カテゴリー: 〇〇に乗りたくて

  • 「あをによし」に乗りたくて… 

    「あをによし」に乗りたくて… 

    近畿日本鉄道 「あをによし」

    乗り鉄は、列車に乗るだけで幸福を得る生き物である。乗ることが目的で、降りてしまったらその先何をすればよいのかと考え込んでしまうのが私だ。
    また列車に乗り続けるばかりで本当にいいのか…
    何だかもったいないと思えて、たまに苦し紛れで旅の計画を立ててしまう時がある…

    今回の投稿は、観光が二の次になりがちな私なりの小旅行について書いてみることにする。
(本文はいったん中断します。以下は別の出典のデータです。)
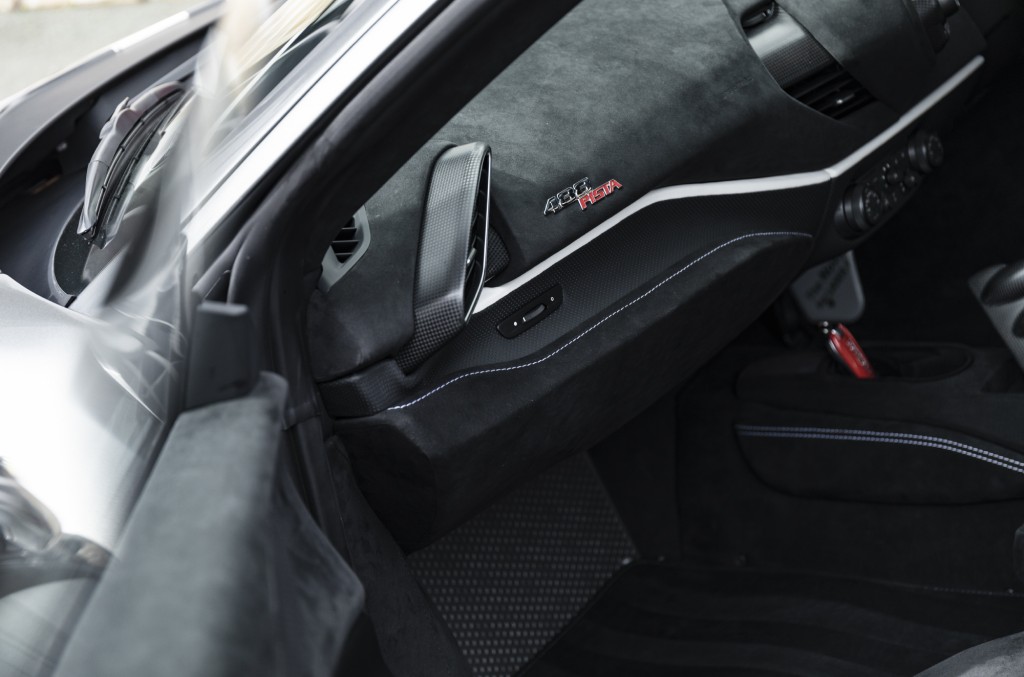 2018 FERRARI 488 PISTA COUPE, 10/20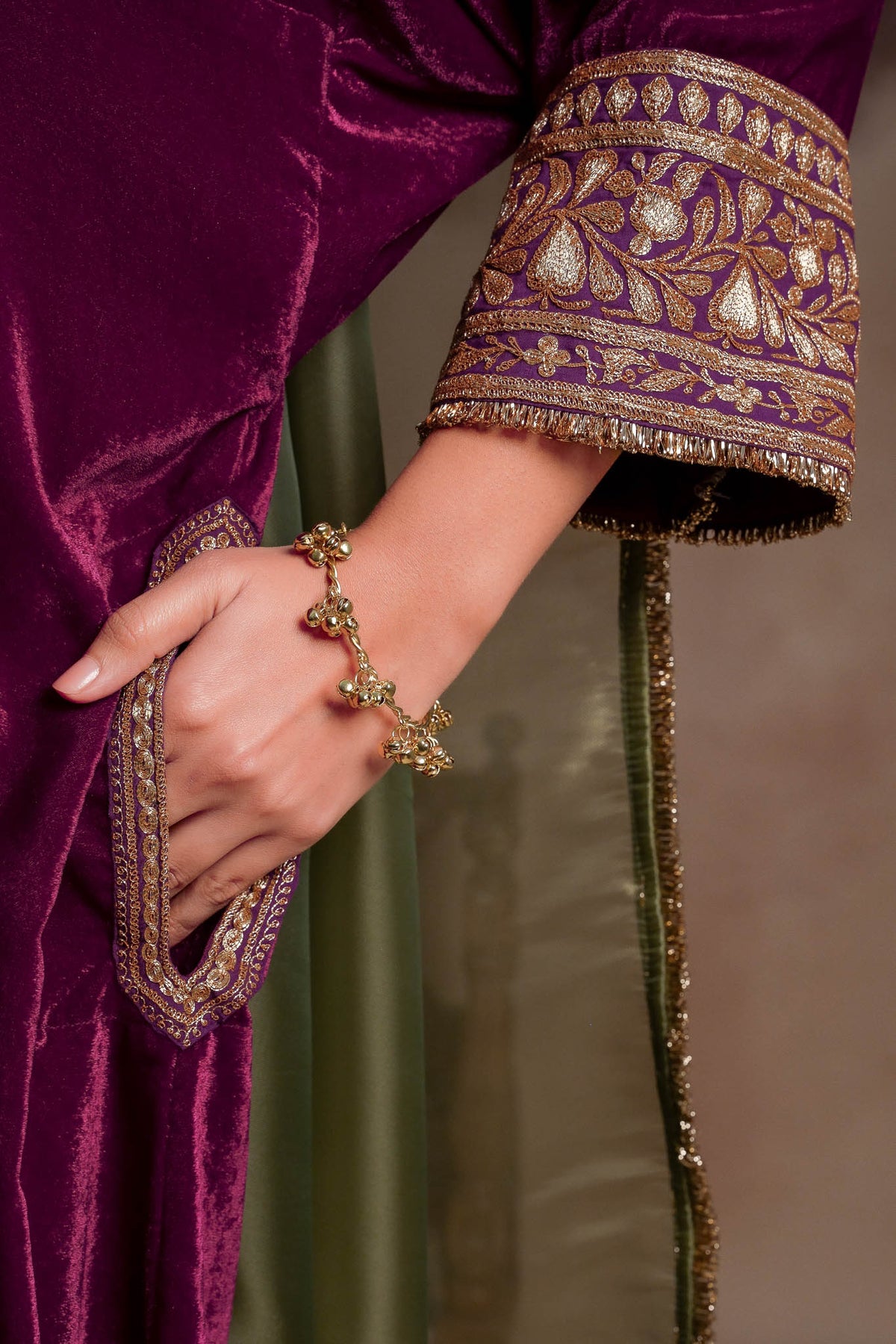 Turaco - Deep Purple Pheran Set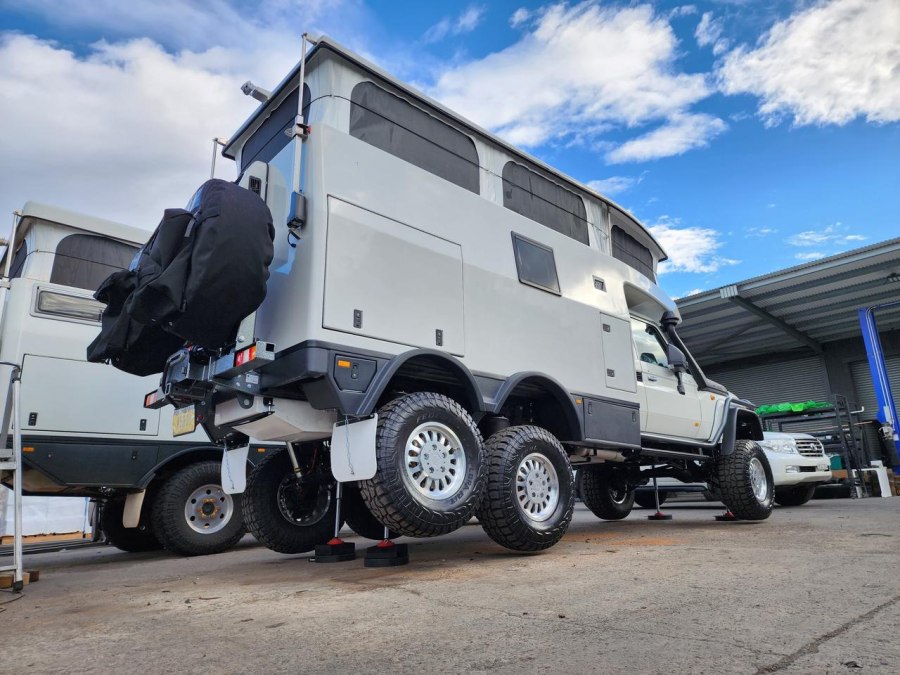 Man Atacama 5800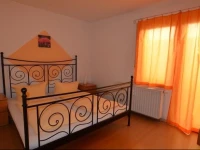 Mezzaluna 2*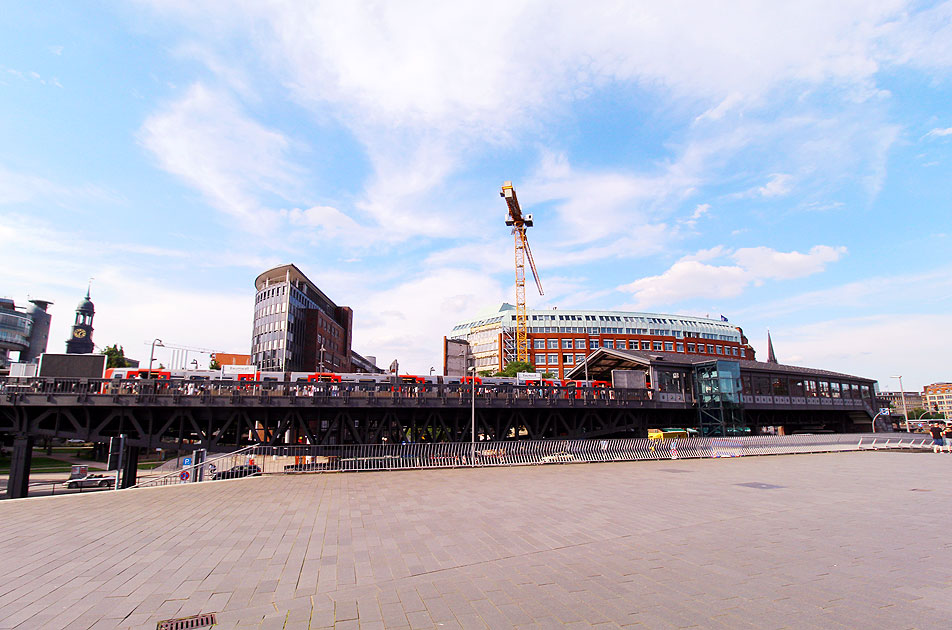 Der Bahnhof Baumwall der Hamburger Hochbahn in Hamburg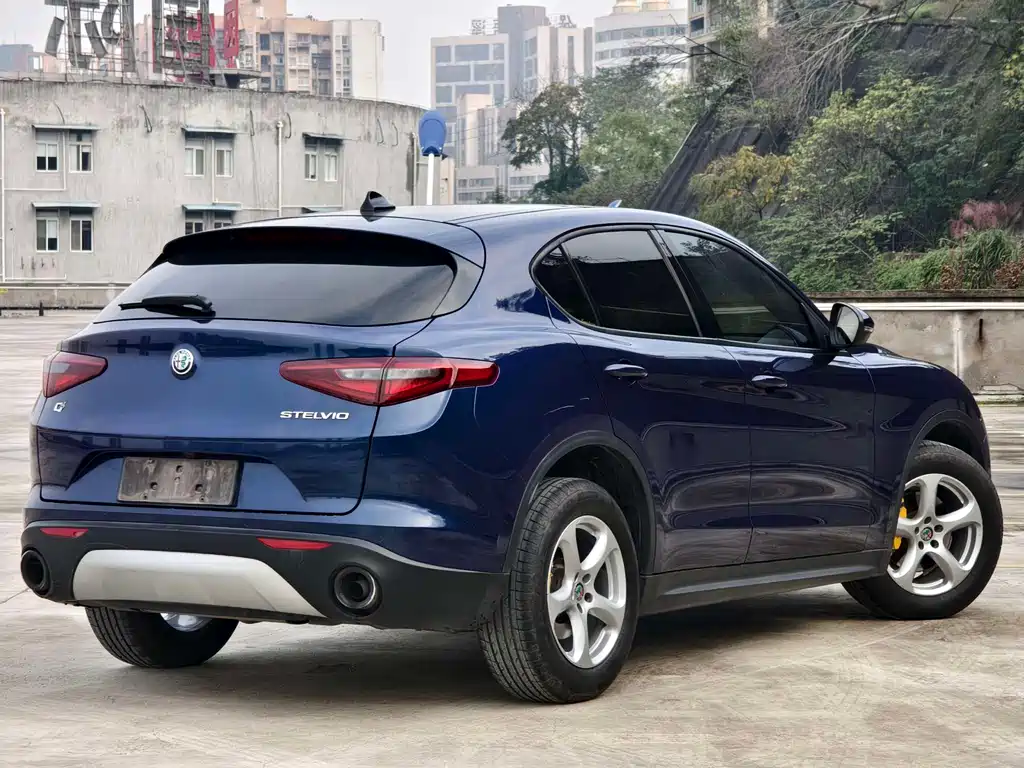 Alfa Romeo Stelvio 2017 2.0T 200HP Luxury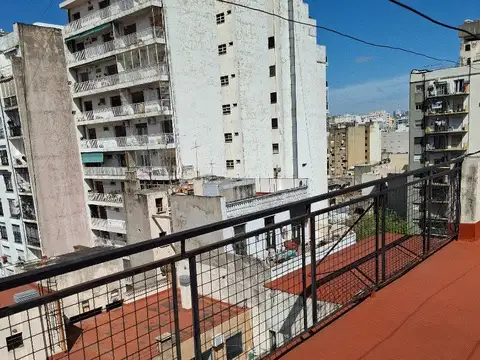 RETASADO  MONOAMBIENTE DIVIDIDO, COCINA Y BAÑO COMPLETO, A MTS DE AV. ENTRE RIOS.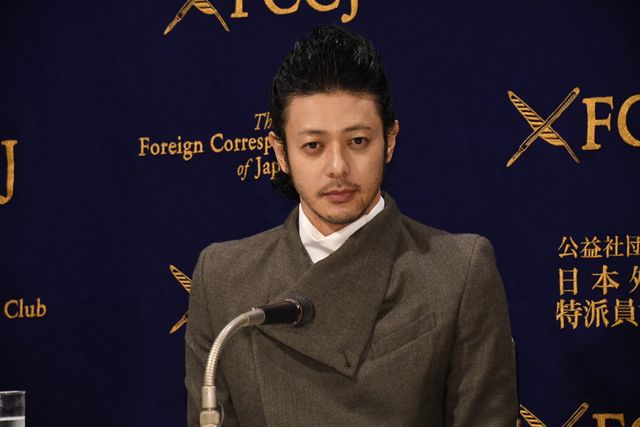 ベネチアから帰国のオダギリジョー、変わらぬ美貌で監督作の会見へ（5枚目）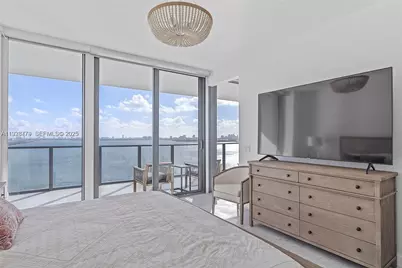 3131 NE 7th Ave #2203, Miami, FL 33137 - Photo 3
    近鉄奈良 17:37 ⇒ 大阪難波 18:16 「観光特急あをによし」

    地下ホームに列車が入線する際の轟音が聞こえたそばから、私はスマホのカメラを向け、列車と正対する。「あをによし」に乗る外国人たちも続々とカメラを向けてゆく。紫と茶色の中間のような塗装を何色といえばよいか。正確にはわからないのだが、艶っぽいという表現が適格だと思う。明らかに他の列車とは趣の違う様子に、ホームにいる人みな振り向いたのではないだろうか。

    近鉄の特急列車のなかで割と最近デビューした列車であるが、車両自体は年代物で、「スナックカー」という名車両を改造したものらしい。らしいというのは、あまり細かいことは詳しくないからだ。行先方向幕がLED表示でないことに驚く。旧式の幕のままではないか。あえて残してあるのだと思いたい。
    早速乗車する。

    窓に沿って2人がけの席が並んでいて、進行方向右手(写真の左側)は窓に向くように配置されている。この列車は基本的にツインシートとなっていて、一部4人席もある。内装には原色を使っておらず、自然界に存在するような淡い色を用いることで、古都の高貴なイメージを演出している。テーブルについている照明の青が妖しく光っているのが良い。シートはリクライニングしないのだが、沈み込むようなクッション性があり、乗り疲れしにくいと思う。耳元の覆いがあることで、個室「感」が出て、特別な列車に乗っているんだという気持ちになれる。

    「あをによし」は大阪~京都を奈良経由で結ぶ近鉄の観光特急。大阪~奈良間は1日1往復のみだが、奈良~京都間は4往復する。乗車した便は京都始発で奈良を経由し大阪難波を目指す本日の最終便である。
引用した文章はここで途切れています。